Les lectures de la messe ce dimanche nous montrent en tout cas que
la prise de risque et l’audace de l’au-delà caractérisent
l’humanité en quête de bonheur : voici Isaïe, l’homme aux
lèvres impures : il a une vision et le voilà, guéri de ses
faiblesses, il s’engage en affirmant devant Dieu moi, je
serai ton messager. Voici Paul, qui a persécuté l’Église de
Dieu : le voilà proclamant le Credo ; les Corinthiens le
suivent et nous aussi aujourd’hui.
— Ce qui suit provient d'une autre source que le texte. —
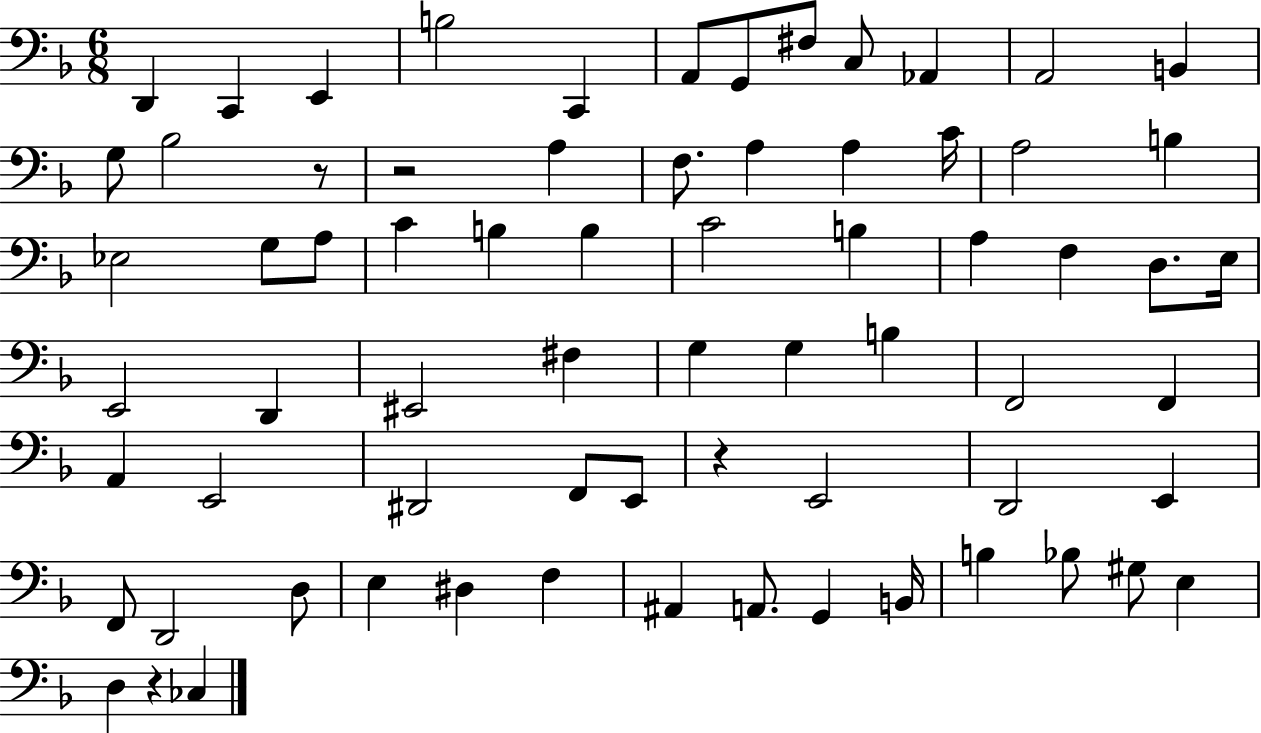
D2/q C2/q E2/q B3/h C2/q A2/e G2/e F#3/e C3/e Ab2/q A2/h B2/q G3/e Bb3/h R/e R/h A3/q F3/e. A3/q A3/q C4/s A3/h B3/q Eb3/h G3/e A3/e C4/q B3/q B3/q C4/h B3/q A3/q F3/q D3/e. E3/s E2/h D2/q EIS2/h F#3/q G3/q G3/q B3/q F2/h F2/q A2/q E2/h D#2/h F2/e E2/e R/q E2/h D2/h E2/q F2/e D2/h D3/e E3/q D#3/q F3/q A#2/q A2/e. G2/q B2/s B3/q Bb3/e G#3/e E3/q D3/q R/q CES3/q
Voici un orateur venu de
Nazareth ; depuis une barque, il prêche ; la foule se
presse ; conquis, Simon, le patron pêcheur accepte de suivre
l’ordre du Galiléen qui l’envoie au large. Il ramènera
quantité de poisson … et abandonnera tout pour suivre Jésus. Tout cela n’est pas raisonnable. Qu’on soit Juif ou païen, tout cela,
comme toute démarche d’amour, est scandale et folie. Mais
tout cela est vrai, au service de la vérité. Tous ces hommes et combien d’autres frères et sœurs humains
avant eux, avec eux et depuis et jusqu’à la fin des temps,
toute l’humanité est appelée à prendre le risque de Dieu.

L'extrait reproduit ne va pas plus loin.